◆ **Data to process**:
# # #

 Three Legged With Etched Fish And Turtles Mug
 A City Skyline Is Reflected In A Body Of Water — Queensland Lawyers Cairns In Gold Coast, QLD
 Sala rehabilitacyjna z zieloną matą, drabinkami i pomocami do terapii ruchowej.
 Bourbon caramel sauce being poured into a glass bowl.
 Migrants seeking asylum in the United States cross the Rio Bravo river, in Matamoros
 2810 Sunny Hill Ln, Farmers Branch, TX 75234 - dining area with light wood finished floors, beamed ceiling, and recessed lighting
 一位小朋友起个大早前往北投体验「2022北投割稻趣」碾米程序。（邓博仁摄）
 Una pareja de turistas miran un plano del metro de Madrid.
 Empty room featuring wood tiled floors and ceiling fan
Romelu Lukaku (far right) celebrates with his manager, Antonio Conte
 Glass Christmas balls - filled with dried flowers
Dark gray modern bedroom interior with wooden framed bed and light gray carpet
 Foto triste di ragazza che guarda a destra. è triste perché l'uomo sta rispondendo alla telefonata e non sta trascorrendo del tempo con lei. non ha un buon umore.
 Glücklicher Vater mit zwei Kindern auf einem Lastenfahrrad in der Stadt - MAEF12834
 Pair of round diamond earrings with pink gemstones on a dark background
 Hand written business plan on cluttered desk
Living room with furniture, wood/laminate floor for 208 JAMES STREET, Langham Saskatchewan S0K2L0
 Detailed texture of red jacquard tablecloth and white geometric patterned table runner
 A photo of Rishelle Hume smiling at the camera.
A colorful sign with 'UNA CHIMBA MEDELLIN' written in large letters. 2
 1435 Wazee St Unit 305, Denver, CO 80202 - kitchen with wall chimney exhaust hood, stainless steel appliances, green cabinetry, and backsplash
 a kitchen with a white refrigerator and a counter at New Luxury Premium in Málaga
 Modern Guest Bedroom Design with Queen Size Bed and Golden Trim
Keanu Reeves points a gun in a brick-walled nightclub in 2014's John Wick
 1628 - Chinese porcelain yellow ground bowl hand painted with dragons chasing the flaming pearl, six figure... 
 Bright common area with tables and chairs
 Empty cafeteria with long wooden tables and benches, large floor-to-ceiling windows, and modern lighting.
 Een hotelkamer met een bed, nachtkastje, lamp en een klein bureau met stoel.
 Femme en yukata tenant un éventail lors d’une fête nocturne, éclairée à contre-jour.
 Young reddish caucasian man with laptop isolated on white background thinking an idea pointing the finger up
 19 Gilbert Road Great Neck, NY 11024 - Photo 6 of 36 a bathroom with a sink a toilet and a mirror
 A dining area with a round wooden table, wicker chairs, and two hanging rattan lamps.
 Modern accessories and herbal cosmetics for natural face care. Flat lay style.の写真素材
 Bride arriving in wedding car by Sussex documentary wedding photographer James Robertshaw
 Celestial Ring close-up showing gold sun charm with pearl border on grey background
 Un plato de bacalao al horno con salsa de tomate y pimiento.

# # #

◆ **Activity**: Return the span of lines in the data above that opens at the line with "Detailed texture of" and closes at the line with "A dining area", exactly, ends included, nothing else.

◆ **Response box**:
 Detailed texture of red jacquard tablecloth and white geometric patterned table runner
 A photo of Rishelle Hume smiling at the camera.
A colorful sign with 'UNA CHIMBA MEDELLIN' written in large letters. 2
 1435 Wazee St Unit 305, Denver, CO 80202 - kitchen with wall chimney exhaust hood, stainless steel appliances, green cabinetry, and backsplash
 a kitchen with a white refrigerator and a counter at New Luxury Premium in Málaga
 Modern Guest Bedroom Design with Queen Size Bed and Golden Trim
Keanu Reeves points a gun in a brick-walled nightclub in 2014's John Wick
 1628 - Chinese porcelain yellow ground bowl hand painted with dragons chasing the flaming pearl, six figure... 
 Bright common area with tables and chairs
 Empty cafeteria with long wooden tables and benches, large floor-to-ceiling windows, and modern lighting.
 Een hotelkamer met een bed, nachtkastje, lamp en een klein bureau met stoel.
 Femme en yukata tenant un éventail lors d’une fête nocturne, éclairée à contre-jour.
 Young reddish caucasian man with laptop isolated on white background thinking an idea pointing the finger up
 19 Gilbert Road Great Neck, NY 11024 - Photo 6 of 36 a bathroom with a sink a toilet and a mirror
 A dining area with a round wooden table, wicker chairs, and two hanging rattan lamps.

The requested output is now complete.